• Instructions to follow: Repeat, exactly as written, the lines of the records below from the first through the line with "Pantaloni corti uomo", but none past it.

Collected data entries
|---|

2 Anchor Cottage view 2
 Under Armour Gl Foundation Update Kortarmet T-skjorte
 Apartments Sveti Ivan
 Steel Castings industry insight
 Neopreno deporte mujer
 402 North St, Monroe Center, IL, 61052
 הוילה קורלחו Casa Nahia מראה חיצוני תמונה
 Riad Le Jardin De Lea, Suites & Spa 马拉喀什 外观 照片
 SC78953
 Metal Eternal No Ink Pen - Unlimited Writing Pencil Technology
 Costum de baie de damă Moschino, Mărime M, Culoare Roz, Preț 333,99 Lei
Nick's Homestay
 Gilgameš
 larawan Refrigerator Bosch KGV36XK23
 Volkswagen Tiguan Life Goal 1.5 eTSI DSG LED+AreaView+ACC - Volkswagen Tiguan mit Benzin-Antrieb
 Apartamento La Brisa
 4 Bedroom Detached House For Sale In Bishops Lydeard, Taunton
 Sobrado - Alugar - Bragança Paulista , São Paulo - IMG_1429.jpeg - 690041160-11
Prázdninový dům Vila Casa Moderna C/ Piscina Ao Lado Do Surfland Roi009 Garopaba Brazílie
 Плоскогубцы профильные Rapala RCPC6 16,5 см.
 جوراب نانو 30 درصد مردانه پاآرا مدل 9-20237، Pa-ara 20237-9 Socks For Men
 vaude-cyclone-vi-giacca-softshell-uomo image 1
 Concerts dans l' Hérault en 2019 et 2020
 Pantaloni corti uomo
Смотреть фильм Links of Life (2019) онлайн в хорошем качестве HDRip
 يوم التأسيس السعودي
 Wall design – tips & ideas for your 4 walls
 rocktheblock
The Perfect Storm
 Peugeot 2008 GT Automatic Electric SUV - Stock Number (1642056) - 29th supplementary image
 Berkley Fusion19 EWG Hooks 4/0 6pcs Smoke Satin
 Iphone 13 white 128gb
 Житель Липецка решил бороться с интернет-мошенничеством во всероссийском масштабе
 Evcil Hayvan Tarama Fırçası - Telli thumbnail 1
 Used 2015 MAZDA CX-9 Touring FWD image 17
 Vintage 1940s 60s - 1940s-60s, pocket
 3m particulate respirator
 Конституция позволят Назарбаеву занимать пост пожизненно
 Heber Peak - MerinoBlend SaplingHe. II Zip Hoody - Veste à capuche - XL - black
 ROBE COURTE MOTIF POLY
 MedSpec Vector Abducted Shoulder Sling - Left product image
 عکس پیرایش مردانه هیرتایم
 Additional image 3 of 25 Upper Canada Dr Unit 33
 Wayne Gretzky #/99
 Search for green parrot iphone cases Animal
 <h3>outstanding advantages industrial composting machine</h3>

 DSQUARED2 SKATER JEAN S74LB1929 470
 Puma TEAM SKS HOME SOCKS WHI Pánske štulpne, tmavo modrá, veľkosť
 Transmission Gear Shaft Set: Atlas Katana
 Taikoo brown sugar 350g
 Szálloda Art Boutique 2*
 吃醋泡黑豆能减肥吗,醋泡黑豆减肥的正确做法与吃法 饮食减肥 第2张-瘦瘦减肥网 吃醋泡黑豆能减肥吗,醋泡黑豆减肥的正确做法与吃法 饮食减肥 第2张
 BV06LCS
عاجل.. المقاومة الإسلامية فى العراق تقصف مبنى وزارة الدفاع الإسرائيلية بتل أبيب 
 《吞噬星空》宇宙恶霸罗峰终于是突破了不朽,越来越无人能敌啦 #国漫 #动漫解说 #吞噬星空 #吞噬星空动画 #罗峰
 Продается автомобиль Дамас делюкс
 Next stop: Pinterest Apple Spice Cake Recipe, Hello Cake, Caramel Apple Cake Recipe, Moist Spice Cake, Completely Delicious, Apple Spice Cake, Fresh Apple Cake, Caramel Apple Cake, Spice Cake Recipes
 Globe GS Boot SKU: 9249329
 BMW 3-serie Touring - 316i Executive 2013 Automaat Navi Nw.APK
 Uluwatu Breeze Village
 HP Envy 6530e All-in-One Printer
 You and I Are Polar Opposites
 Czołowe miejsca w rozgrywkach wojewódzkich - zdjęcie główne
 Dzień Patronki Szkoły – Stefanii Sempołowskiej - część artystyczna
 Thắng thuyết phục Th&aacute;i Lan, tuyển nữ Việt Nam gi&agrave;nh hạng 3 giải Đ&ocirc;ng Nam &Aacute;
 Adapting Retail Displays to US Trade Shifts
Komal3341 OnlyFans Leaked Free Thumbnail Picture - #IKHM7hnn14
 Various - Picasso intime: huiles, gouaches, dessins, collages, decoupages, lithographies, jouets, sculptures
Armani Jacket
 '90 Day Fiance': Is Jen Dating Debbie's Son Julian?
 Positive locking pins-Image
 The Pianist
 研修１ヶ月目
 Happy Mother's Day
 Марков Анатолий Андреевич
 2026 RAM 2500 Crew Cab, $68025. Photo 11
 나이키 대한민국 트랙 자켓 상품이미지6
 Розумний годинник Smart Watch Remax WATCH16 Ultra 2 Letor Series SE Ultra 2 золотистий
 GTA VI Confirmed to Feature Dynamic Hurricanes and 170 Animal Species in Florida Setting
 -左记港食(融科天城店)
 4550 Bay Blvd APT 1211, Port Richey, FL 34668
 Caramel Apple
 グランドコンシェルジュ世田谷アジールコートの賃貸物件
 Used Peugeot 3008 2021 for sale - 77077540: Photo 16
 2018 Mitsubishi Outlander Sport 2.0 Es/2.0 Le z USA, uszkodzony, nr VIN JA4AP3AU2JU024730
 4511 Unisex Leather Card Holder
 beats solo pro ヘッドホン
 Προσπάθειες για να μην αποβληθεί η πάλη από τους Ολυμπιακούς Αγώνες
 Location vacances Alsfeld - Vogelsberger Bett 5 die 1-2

|---|

• Solution:
2 Anchor Cottage view 2
 Under Armour Gl Foundation Update Kortarmet T-skjorte
 Apartments Sveti Ivan
 Steel Castings industry insight
 Neopreno deporte mujer
 402 North St, Monroe Center, IL, 61052
 הוילה קורלחו Casa Nahia מראה חיצוני תמונה
 Riad Le Jardin De Lea, Suites & Spa 马拉喀什 外观 照片
 SC78953
 Metal Eternal No Ink Pen - Unlimited Writing Pencil Technology
 Costum de baie de damă Moschino, Mărime M, Culoare Roz, Preț 333,99 Lei
Nick's Homestay
 Gilgameš
 larawan Refrigerator Bosch KGV36XK23
 Volkswagen Tiguan Life Goal 1.5 eTSI DSG LED+AreaView+ACC - Volkswagen Tiguan mit Benzin-Antrieb
 Apartamento La Brisa
 4 Bedroom Detached House For Sale In Bishops Lydeard, Taunton
 Sobrado - Alugar - Bragança Paulista , São Paulo - IMG_1429.jpeg - 690041160-11
Prázdninový dům Vila Casa Moderna C/ Piscina Ao Lado Do Surfland Roi009 Garopaba Brazílie
 Плоскогубцы профильные Rapala RCPC6 16,5 см.
 جوراب نانو 30 درصد مردانه پاآرا مدل 9-20237، Pa-ara 20237-9 Socks For Men
 vaude-cyclone-vi-giacca-softshell-uomo image 1
 Concerts dans l' Hérault en 2019 et 2020
 Pantaloni corti uomo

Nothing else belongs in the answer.